Major candidates who withdrew before the 2016 Republican Party presidential primaries
| Candidate | Born | Most recent position | Home state | Campaign announced | Campaign suspended | Campaign | Bound delegates (hard count) | Popular vote | Contests won | Ref. |
|---|---|---|---|---|---|---|---|---|---|---|
| George Pataki | June 24, 1945 (age 70) Peekskill, New York | Governor of New York (1995–2006) | New York | May 28, 2015 | December 29, 2015 (endorsed Rubio, later Kasich, then no endorsement) | __________ Campaign FEC filing | None | 2,036 | None |  |
| Lindsey Graham | July 9, 1955 (age 60) Central, South Carolina | U.S. senator from South Carolina (2003–2026) | South Carolina | June 1, 2015 | December 21, 2015 (endorsed Bush, later Cruz, then McMullin) | __________ Campaign FEC filing | None | 5,666 | None |  |
| Bobby Jindal | June 10, 1971 (age 44) Baton Rouge, Louisiana | Governor of Louisiana (2008–2016) | Louisiana | June 24, 2015 | November 17, 2015 (endorsed Rubio, later Trump) | __________ Campaign FEC filing | None | 222 | None |  |
| Scott Walker | November 2, 1967 (age 47) Colorado Springs, Colorado | Governor of Wisconsin (2011–2019) | Wisconsin | July 13, 2015 | September 21, 2015 (endorsed Cruz, later Trump) | __________ Campaign FEC filing | None | 1 | None |  |
| Rick Perry | March 4, 1950 (age 65) Haskell, Texas | Governor of Texas (2000–2015) | Texas | June 4, 2015 | September 11, 2015 (endorsed Cruz, later Trump) | __________ Campaign FEC filing | None | 1 | None |  |

==Timeline of the race==

===Background===
Former Massachusetts governor Mitt Romney, the 2012 GOP presidential nominee, lost the 2012 election to incumbent Democratic president Barack Obama. The Republican National Committee, believing that the long, drawn-out 2012 primary season had politically and personally damaged Romney, drafted plans to condense the 2016 primary season. As part of these plans, the 2016 Republican National Convention was scheduled for the relatively early date of July 18–21, 2016, the earliest date since Republicans nominated Thomas Dewey in June 1948.

Elements of the Republican establishment, including Senate Minority leader Mitch McConnell, had been grooming then Kansas governor Sam Brownback as the party's favorite mostly due to his aggressive 2012 fiscal overhaul of state finances dubbed the "Kansas experiment." The experiment, engineered primarily by Koch Industries veteran economist Steve Anderson, ultimately caused a financial crisis. The state would see a $687.9 million loss in revenue after predicting its massive tax cuts would grow the economy by $323 million. Brownback would narrowly win in overwhelmingly Republican Kansas during his 2014 re-election bid dashing his national aspirations and further opening the primary.

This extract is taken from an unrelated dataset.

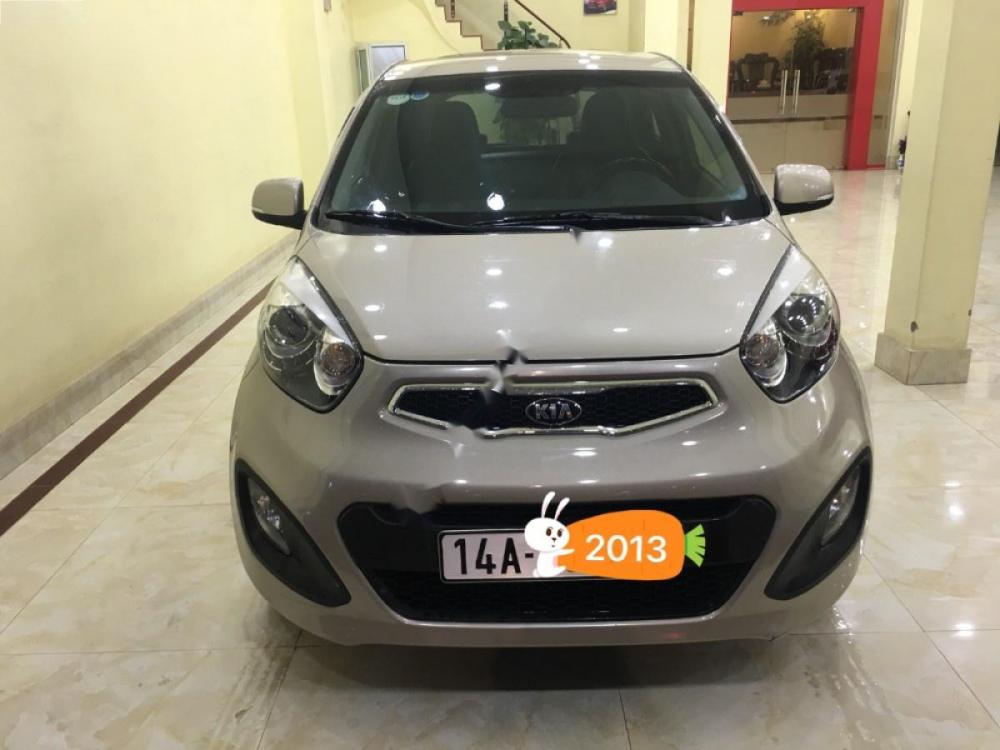 Kia Picanto 2013 - Bán xe Kia Picanto 2013, màu vàng số tự động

When John Kasich entered the race on July 21, 2015, the field reached 16 candidates, making it the largest presidential field in the history of the Republican Party, surpassing the 1948 primaries. With Jim Gilmore's announcement to enter the race for a second time on July 30, 2015, the field reached 17 candidates, becoming the largest presidential field in American history, surpassing the 16 candidates in the Democratic Party presidential primaries of 1972 and 1976.

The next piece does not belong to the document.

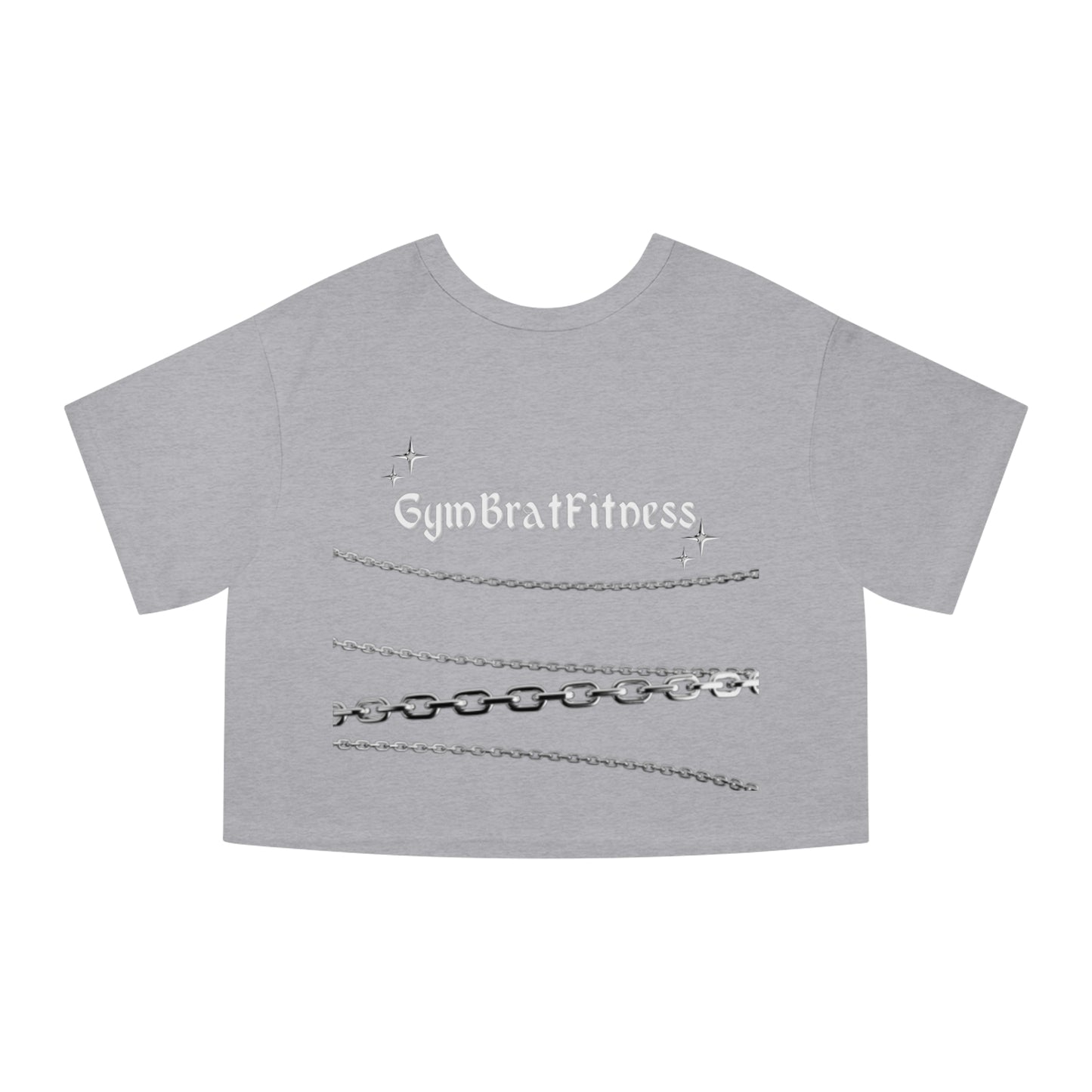 GYMBRAT| Champion Crop Tee with Chains |New Me Collection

In mid-December 2014, Jeb Bush—widely seen as a possible frontrunner for the nomination due to his relatively moderate stances, record as former governor of a crucial swing state, name recognition and access to high-paying donors—was the first candidate to form a political action committee (PAC) and an exploratory committee. Many other candidates followed suit. The first candidate to declare his candidacy was Texas Senator Ted Cruz, who was popular among grassroots conservatives due to his association with the Tea Party movement, and who also received early backing of several prominent Republican donors including Robert Mercer.

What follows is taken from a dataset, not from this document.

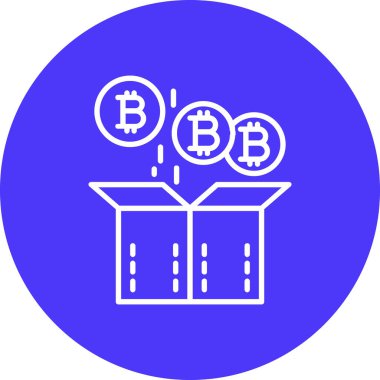 Para için. Web simgesi basit tasarım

The 2016 candidates were roughly divided into three camps. Grassroots conservatives were represented by Cruz and Carson, the Christian right was represented by Huckabee and Santorum. Moderates, or the establishment, were represented by Bush and Christie. Several—such as Rubio, Walker, and Kasich—were seen as having political backgrounds that may be appealing to both conservatives and moderates. Not all of these candidates clearly toed the grassroots/establishment divide. For instance, Rubio and Cruz were both elected to the Senate in the early 2010s as members of the Tea Party movement, but by 2015 had been courting the support of prominent party elders, political operatives, and large donors with significant success.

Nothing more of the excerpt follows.